---------- Exercise materials ----------

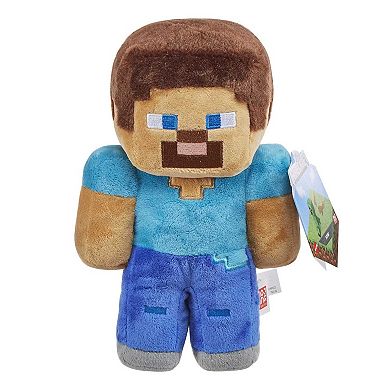 Mattel Minecraft 8 in. Steve Plush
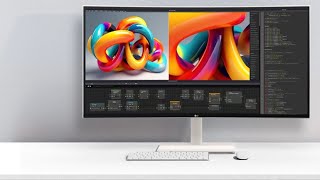 Best Ultrawide Monitors for Designers and developers [upl. by Hallimaj25]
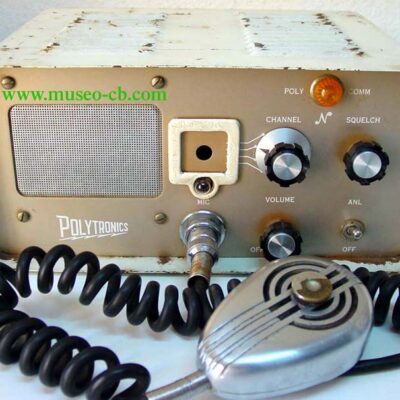 Polytronics Poly Comm N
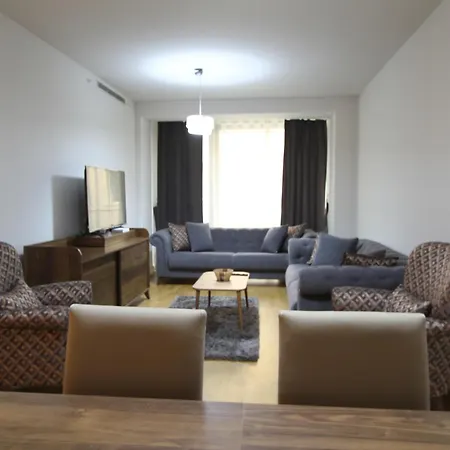 Apartment Brand New! Vip - Super Luxury Flat Near Taksim Sq *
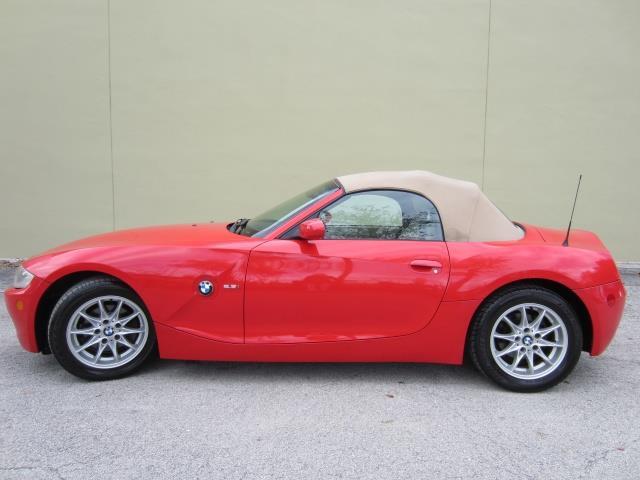 2005 BMW Z4 (CC-846567) for sale in Delray Beach, Florida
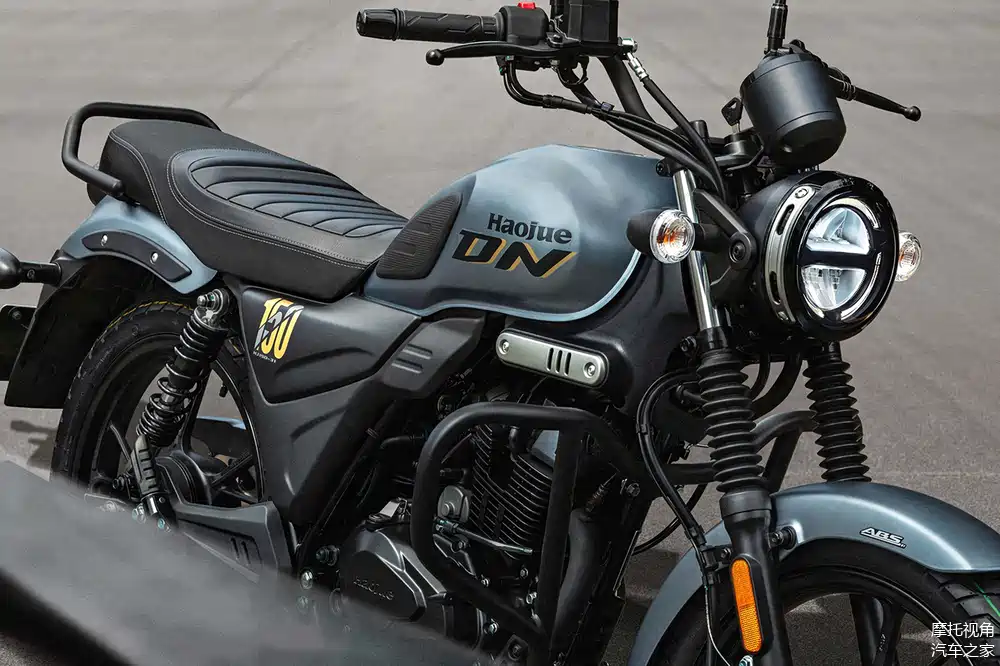 便宜轻巧好骑盘点万元左右热门150复古摩托车含缺点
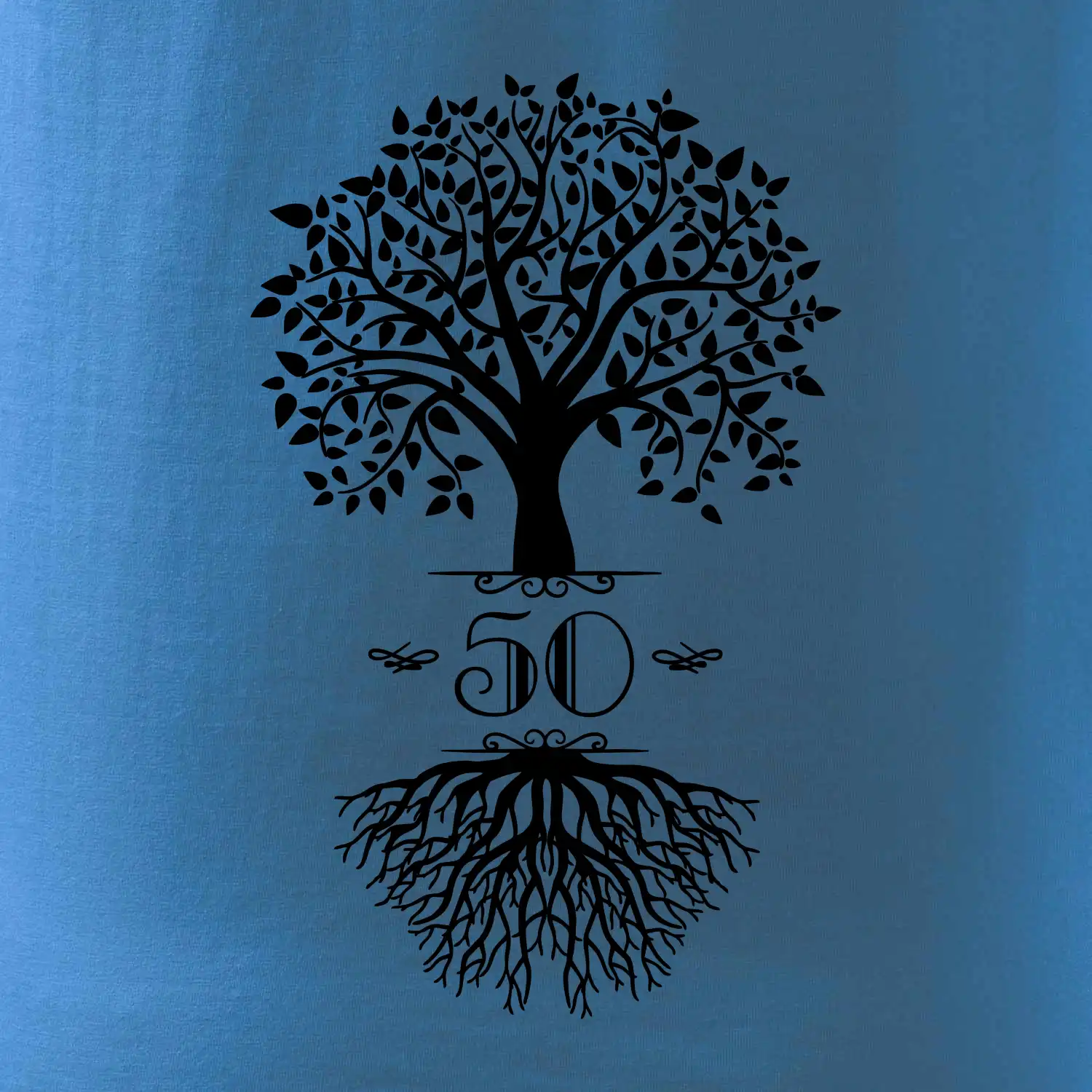 Narozeninový strom 50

----------

The data above should be restated exactly, with its images dropped.

 Mattel Minecraft 8 in. Steve Plush
 Best Ultrawide Monitors for Designers and developers [upl. by Hallimaj25]
 Polytronics Poly Comm N
 Apartment Brand New! Vip - Super Luxury Flat Near Taksim Sq *
 2005 BMW Z4 (CC-846567) for sale in Delray Beach, Florida
 便宜轻巧好骑盘点万元左右热门150复古摩托车含缺点
 Narozeninový strom 50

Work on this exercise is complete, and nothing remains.